The medieval accountant, Boros, now has been tasked with filing hammers into faces, with less story about why to do so.
As I was in the first game, I specialized in strength and magic, but this time, the magic is all you need, because there's only one boss in the whole game, and his main tactic is swarming you with his mates. Just like every other enemies in the whole game. He's stronger than the other's, though, so at least there's a reason they listen to him. However, there's a really bad glitch with this boss that really pissed me off. The boss in this game has no health meter, like the bossES did in Fable 1. When did sequels taking away stuff from the predicesor become acceptable? Did the dog add that much? Anyway, the singular boss in Fable 2 can be glitched to where he's indestructable. If you fight him for more than an hour, this glitch has happened, but I didn't know the glitch exsisted until I was fighting the boss for 4 f@%king hours! 4 patience testing, knuckle grinding, pain staking, god forsaken, turd burgling, willey shriveling, dick sucking, donkey f@%king, s#1t mongreling HOURS! God, the time between Christmases don't feel this long. Ok, I'm think I'm good now.

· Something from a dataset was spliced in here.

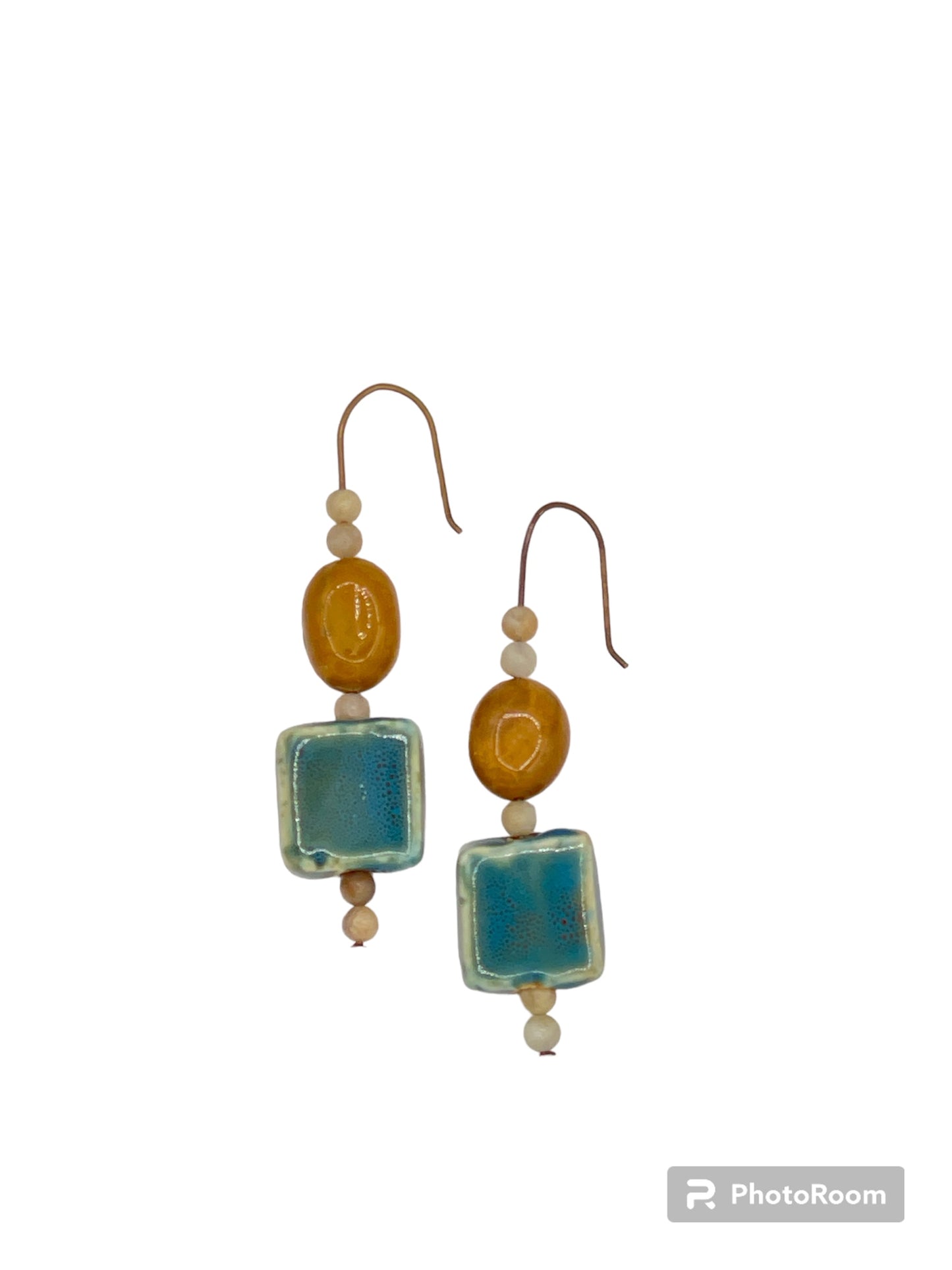 Earrings-Ocean Jasper/ceramic stone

Anyway, if the glitch doesn't happen, the boss is piss easy. Just spam the heaviest area of effect spell you have. "So the difference in gameplay isn't for the best, but why did you give this game a higher rating than the first one?" Because there's a stronger emphasis on f@%king around, which I like. The f@%king around raises the immersion so much, that I forget about the faults, and that's what good games do. Contradictory, a lack of immersion can be a dog s#1t bullet between the eyes. It's hard to explain immersion, but getting into the game is usually the difference between good and bad, and Fable 2 does it better than Fable 1, even though Fable 1 had a better story, and if you saw my Fable 1 review, that's not saying much. Also, if you saw my Fable 1 review, you'd know the game was basically split into 2 parts. Murdering in the name of progress, and a medieval life simulator, and Fable 2 does this same thing, but really focused on the second one. You can run around buying houses, just like in the last game, and rent them out, or live in the house of your liking, like a medieval invester. Where there IS improvement is the side missions. The kooky characters that you meet during the side missions are way better than in Fable 1, which basically just stood there and told you what to do like little robots.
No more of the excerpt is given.